This spring, limited real estate shouldn’t limit your garden aspirations. The Orlando Sentinel predicts that vegetable gardening in containers is on the rise:

Many of the nation’s leading nurseries are predicting big profits in 2008 by developing plants and vegetables for containers and space-deprived urban gardeners. … ‘Container gardens filled with red and green lettuces or a container that holds yellow tomatoes, purple basil and red peppers can be just as beautiful as a pot of flowers and much more delicious,’ said Kathy LaLiberte, director of gardening for Gardener’s Supply Co., in Burlington, Vt.

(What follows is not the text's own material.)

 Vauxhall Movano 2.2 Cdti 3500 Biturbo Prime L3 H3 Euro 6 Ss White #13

According to the Sentinel, popular plants for summer ’08 include trailing tomatoes that can be grown in 12-inch pots, miniature bell peppers, and tennis ball–size heads of iceberg lettuce—which could make an awfully cute little iceberg wedge salad.

The Food Section has more good news for those of us with big gardening plans but only small sunny spaces. It recommends the Food Map Container, a planter on wheels, which is partially made from postindustrial recycled materials—and can easily be pushed around to follow the sun as it moves across the patio (or pushed out of the way to make room for backyard parties).

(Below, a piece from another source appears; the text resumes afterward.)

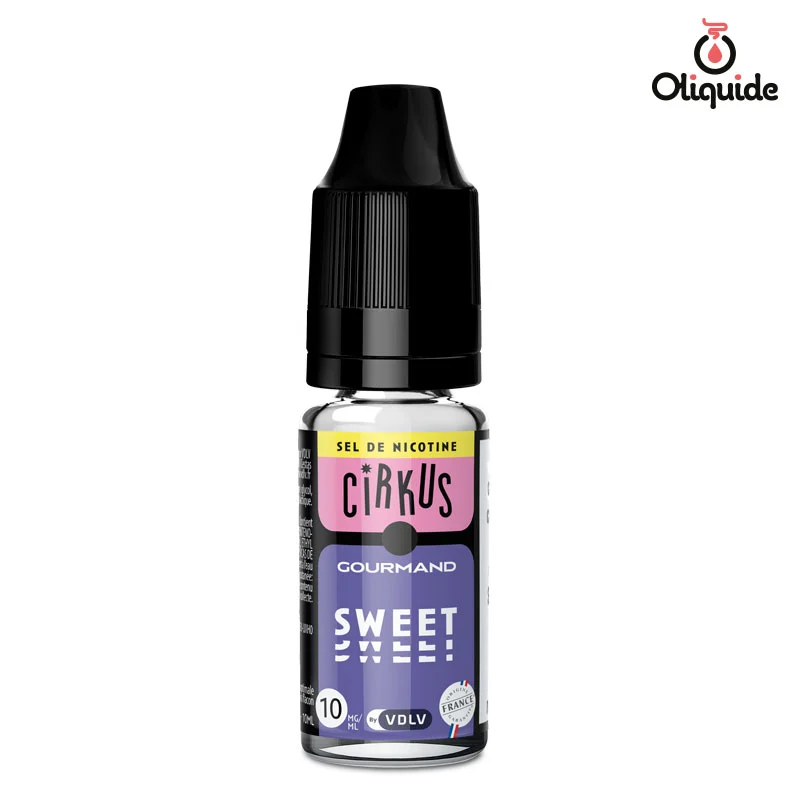 Lancez-vous dans l'aventure le Sweet de VDLV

Regardless of how much space you’ve got, the Los Angeles Times suggests growing vegetables and herbs that you won’t find at the market, such as sweet Yellow Wonder alpine strawberries, “smoky and fruity” Cuban Seasoning peppers from Baker Creek Heirloom Seeds, and a hard-to-find Italian herb called mentuccia.

[Many] recipes suggest mint or parsley, because mentuccia hasn’t been available, but once you taste the real thing—rich, subtle, almost buttery—you won’t be able to imagine a substitute. It has a marvelous affinity for mushrooms, artichokes and fish. Sal Marino, chef-owner of Il Grano restaurant in West L.A., also suggests strewing mentuccia across a frittata.

Meanwhile, over at the Epi-Log, readers are weighing in on the staples of their vegetable gardens, from garlic chives to French breakfast radishes, and beets, which are not only delicious but also “super easy to grow.”